> _Items listed in a dataset_:
================================
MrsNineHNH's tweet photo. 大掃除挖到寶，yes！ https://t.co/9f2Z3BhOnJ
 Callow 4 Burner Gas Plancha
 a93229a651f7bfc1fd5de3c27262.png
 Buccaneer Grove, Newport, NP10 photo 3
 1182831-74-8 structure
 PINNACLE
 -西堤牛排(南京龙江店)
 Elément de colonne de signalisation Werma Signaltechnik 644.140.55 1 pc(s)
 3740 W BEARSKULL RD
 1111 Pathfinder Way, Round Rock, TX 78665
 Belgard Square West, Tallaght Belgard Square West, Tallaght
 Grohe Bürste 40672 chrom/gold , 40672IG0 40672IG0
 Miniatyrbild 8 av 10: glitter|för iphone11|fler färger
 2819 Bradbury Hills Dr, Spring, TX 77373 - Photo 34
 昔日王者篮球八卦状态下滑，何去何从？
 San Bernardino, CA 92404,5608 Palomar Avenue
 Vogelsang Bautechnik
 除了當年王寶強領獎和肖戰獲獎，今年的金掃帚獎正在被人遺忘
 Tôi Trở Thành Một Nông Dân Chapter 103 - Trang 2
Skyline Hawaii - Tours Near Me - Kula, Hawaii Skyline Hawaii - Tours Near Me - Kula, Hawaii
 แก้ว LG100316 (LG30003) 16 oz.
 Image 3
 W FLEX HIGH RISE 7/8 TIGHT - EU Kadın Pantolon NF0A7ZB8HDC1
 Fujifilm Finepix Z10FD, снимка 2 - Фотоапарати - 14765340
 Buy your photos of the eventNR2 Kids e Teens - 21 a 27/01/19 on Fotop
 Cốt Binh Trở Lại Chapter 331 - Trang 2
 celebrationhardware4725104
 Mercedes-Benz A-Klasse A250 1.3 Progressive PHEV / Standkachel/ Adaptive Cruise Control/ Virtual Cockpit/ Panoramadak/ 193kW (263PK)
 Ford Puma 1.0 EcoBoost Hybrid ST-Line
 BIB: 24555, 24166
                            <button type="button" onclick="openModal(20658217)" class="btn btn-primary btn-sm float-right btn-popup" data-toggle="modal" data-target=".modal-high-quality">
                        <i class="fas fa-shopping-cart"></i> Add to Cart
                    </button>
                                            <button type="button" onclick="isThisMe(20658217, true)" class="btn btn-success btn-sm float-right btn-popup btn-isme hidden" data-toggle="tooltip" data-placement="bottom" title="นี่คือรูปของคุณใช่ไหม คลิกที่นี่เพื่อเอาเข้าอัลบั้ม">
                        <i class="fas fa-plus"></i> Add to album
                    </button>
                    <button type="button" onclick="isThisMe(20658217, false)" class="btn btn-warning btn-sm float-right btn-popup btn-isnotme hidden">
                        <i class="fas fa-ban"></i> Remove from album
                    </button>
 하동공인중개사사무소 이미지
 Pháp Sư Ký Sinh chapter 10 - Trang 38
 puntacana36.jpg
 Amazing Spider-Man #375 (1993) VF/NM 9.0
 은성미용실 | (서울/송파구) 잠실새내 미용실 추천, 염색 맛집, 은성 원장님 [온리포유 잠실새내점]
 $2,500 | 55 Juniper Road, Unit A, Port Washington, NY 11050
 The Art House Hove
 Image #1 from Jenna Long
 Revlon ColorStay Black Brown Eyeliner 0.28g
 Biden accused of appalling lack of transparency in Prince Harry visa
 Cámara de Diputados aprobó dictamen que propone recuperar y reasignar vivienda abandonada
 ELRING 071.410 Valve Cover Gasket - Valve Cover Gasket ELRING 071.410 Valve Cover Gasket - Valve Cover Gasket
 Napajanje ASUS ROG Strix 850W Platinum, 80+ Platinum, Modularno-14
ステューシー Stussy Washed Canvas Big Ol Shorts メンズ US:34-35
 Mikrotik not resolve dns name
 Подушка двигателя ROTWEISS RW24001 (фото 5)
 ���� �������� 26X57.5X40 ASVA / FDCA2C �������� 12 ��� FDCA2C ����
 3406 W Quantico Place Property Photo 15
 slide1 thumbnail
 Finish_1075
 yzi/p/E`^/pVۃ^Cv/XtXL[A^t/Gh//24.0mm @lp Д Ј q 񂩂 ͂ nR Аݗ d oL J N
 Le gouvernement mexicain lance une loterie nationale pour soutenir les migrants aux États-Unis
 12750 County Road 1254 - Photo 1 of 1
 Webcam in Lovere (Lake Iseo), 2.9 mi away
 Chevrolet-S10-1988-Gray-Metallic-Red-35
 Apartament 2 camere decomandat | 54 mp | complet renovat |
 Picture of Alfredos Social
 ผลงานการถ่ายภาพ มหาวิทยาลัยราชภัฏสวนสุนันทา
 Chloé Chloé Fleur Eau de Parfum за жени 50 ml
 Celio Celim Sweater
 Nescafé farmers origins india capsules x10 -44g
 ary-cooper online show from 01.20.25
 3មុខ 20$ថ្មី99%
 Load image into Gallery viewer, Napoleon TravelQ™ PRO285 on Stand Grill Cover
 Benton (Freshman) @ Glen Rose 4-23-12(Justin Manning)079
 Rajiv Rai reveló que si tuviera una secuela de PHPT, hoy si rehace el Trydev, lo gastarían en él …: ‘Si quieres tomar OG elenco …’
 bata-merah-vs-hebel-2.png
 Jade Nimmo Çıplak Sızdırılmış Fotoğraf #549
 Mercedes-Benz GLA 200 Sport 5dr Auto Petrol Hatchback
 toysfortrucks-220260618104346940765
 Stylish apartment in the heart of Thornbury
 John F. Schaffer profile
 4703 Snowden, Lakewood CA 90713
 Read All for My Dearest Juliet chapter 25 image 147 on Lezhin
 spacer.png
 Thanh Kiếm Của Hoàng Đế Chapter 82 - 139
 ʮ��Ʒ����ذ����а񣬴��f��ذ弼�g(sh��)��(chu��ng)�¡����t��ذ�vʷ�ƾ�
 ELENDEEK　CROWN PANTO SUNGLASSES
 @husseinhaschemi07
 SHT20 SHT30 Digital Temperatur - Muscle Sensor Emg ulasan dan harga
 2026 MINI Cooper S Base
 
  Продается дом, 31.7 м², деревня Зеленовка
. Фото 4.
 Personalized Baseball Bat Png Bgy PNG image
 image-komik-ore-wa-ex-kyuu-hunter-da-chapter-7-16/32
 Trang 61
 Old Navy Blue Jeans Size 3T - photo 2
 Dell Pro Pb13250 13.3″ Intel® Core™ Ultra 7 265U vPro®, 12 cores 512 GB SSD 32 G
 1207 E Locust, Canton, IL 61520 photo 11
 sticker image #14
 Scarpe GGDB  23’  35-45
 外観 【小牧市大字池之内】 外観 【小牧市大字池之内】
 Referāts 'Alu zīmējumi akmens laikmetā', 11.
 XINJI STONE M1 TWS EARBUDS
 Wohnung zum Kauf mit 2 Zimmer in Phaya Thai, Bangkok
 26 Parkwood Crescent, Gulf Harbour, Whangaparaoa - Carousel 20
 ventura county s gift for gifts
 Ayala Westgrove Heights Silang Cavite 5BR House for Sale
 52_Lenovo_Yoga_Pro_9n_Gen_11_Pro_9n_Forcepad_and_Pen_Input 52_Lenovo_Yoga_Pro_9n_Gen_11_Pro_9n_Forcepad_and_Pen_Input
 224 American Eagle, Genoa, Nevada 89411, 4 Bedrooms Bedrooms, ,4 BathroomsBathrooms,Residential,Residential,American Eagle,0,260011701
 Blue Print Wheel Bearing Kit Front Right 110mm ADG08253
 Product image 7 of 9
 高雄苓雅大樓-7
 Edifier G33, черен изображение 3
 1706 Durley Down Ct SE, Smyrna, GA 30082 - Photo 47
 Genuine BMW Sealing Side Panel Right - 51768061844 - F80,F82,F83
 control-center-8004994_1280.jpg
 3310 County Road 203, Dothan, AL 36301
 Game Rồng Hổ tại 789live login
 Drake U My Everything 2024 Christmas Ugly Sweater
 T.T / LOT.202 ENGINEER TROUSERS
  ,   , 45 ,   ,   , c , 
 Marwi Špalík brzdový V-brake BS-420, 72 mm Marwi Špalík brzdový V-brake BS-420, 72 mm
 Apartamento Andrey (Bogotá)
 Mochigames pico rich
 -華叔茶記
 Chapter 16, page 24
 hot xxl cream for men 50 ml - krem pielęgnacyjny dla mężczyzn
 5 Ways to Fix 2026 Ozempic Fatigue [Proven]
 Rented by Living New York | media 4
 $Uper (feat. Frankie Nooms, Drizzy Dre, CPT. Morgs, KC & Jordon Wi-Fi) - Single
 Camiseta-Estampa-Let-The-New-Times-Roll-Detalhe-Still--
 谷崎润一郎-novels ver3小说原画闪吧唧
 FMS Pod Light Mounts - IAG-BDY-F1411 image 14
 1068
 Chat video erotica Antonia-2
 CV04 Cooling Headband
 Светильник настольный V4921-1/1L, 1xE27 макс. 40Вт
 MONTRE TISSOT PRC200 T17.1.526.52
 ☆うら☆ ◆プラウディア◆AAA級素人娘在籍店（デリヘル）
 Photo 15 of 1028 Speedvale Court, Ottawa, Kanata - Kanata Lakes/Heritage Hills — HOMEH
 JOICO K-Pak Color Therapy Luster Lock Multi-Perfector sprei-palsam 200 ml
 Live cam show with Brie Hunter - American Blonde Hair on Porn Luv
================================
> _What the task asks_: Where a line in the records above contains the string "Cover", copy that line.

> _Answer to this task_:
 ELRING 071.410 Valve Cover Gasket - Valve Cover Gasket ELRING 071.410 Valve Cover Gasket - Valve Cover Gasket
 Load image into Gallery viewer, Napoleon TravelQ™ PRO285 on Stand Grill Cover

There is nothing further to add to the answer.